Artists' Television Access

GLOBAL UNDERGROUNDS

Videos by Guy Ben-Ner

Friday, June 20, 2008, 8:00 pm, $6

Berkeleys Island.
In Berkeley’s Island

Moby Dick
Moby Dick

Stealing Beauty
Stealing Beauty

Wild Boy
Wild Boy

Guy Ben-Ner was born in Ramat Gam, Israel. He currently lives in New York.

 Stealing Beauty (2007) was shot without permission at numerous IKEA stores around New York, Berlin and Tel Aviv. In the movie the Ben-Ners quite naturally inhabit idealized showroom interiors with price tags dangling from furniture, and shoppers occasionally interrupting the family’s daily routines. Because of the hit-and-run filming, the traditional cinematic continuity is abandoned and the changing sets are stand-ins for their home. The narrative, however, remains linear as the father offers life lessons on the subjects of economic exchange, meaning of private property, ethics, and family love eventually leading to the children’s rebellious manifesto.

In Berkeley’s Island (1999) the first video to address his position of “domestic artist”, Guy Ben-Ner placed a small sandy island complete with a palm tree in the middle of the kitchen and became a shipwreck survivor living in solitude amidst domestic life going on around him. Through existential introspection combined with often hilarious use of resources that the kitchen set provides (“I learned to use what the island supplied me with”), “Berkeley’s Island” depicts the home environment as an exile and simultaneously as a place to escape from.

 Moby Dick (2000) adapts Herman Melville’s classic novel, a sprawling tale centered on Captain Ahab’s quest to exact revenge against the great white whale Moby-Dick. The video features Guy and his 6-year-old daughter play-acting in their home kitchen in ways that take to absurd extremes the aesthetic of family home videos. Using minimal props (a rope and a pole) Ben-Ner transforms the space into a make-believe ship – a playground for the reenactment of the classic tale.
 
Wild Boy (2004) tells the story of a wild child and his educator, a story of power relations and the fantasy of bringing somebody up after one’s own image.
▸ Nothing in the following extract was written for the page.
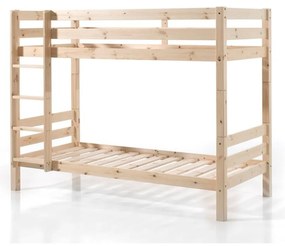 Piętrowe łóżko dziecięce z litego drewna sosnowego ze schowkiem 90x200 cm w naturalnym kolorze PINO – Vipack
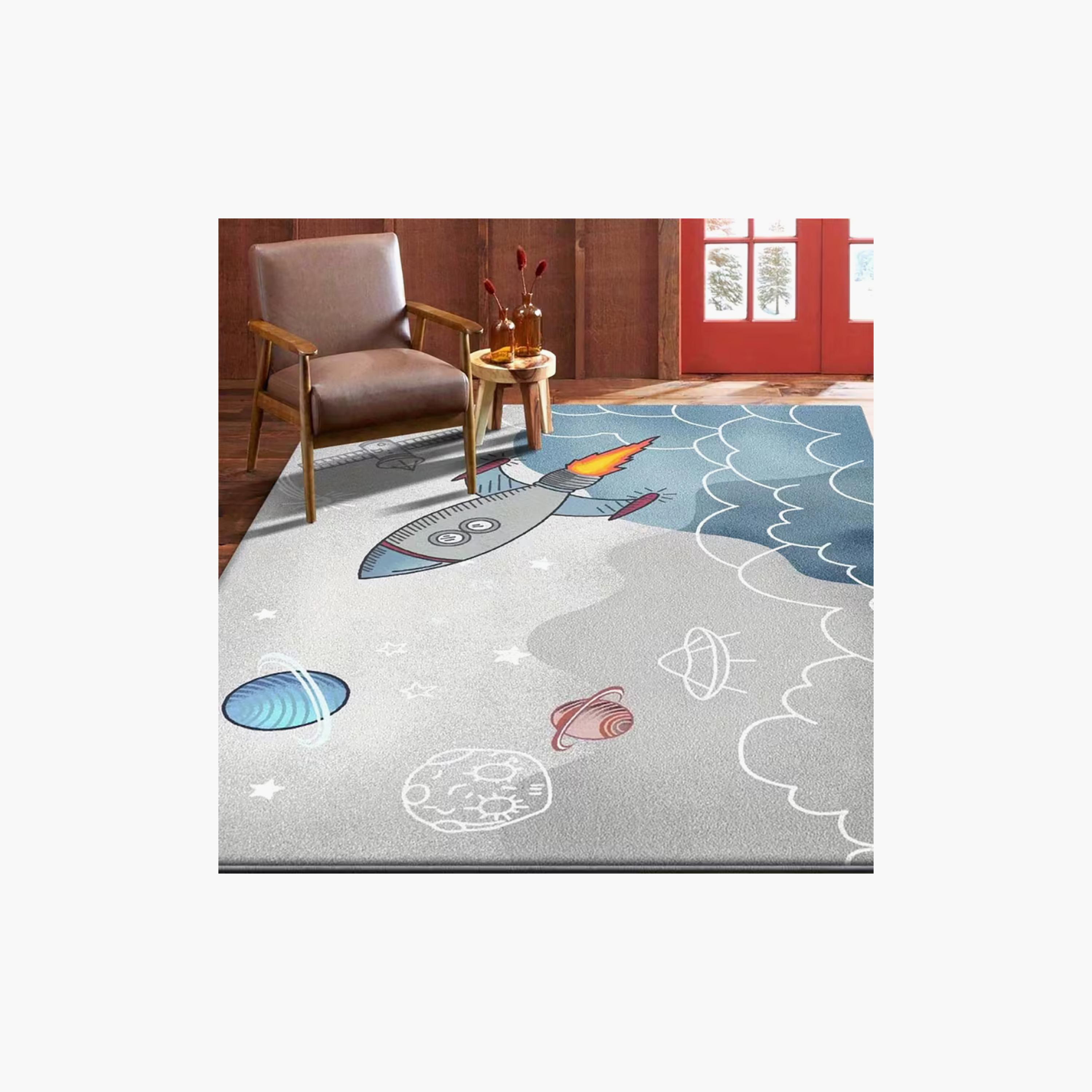 سجادة ومفرش لعب مبطن للأطفال بنقشة صاروخ الفضاء من فاكتوري برايس - 160 × 200 سم-baby-nursery-roomdecor-image-7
It is the story of every parent-child rearing, but more than that, it is a story of a director and his child-actor, raising the question of what it means to direct a child, to contain a child inside a fixed frame, to command him in and out of the frame (as if it is his private room).
On another level, it also raises the possibility of looking at early cinema (the “Cinema of attractions” as was coined by Tom Gunning), as a mute wild child that was tamed, eventually, by language (sound, narrative). “Wild boy” is based on several case histories, some myths, some educational manuals and is referring to a wide range of movies, from old photos left of the vaudeville acts by father and son, Buster and Joe Keaton, through Truffaut’s “Wild Child”, to “The Kid” by Chaplin.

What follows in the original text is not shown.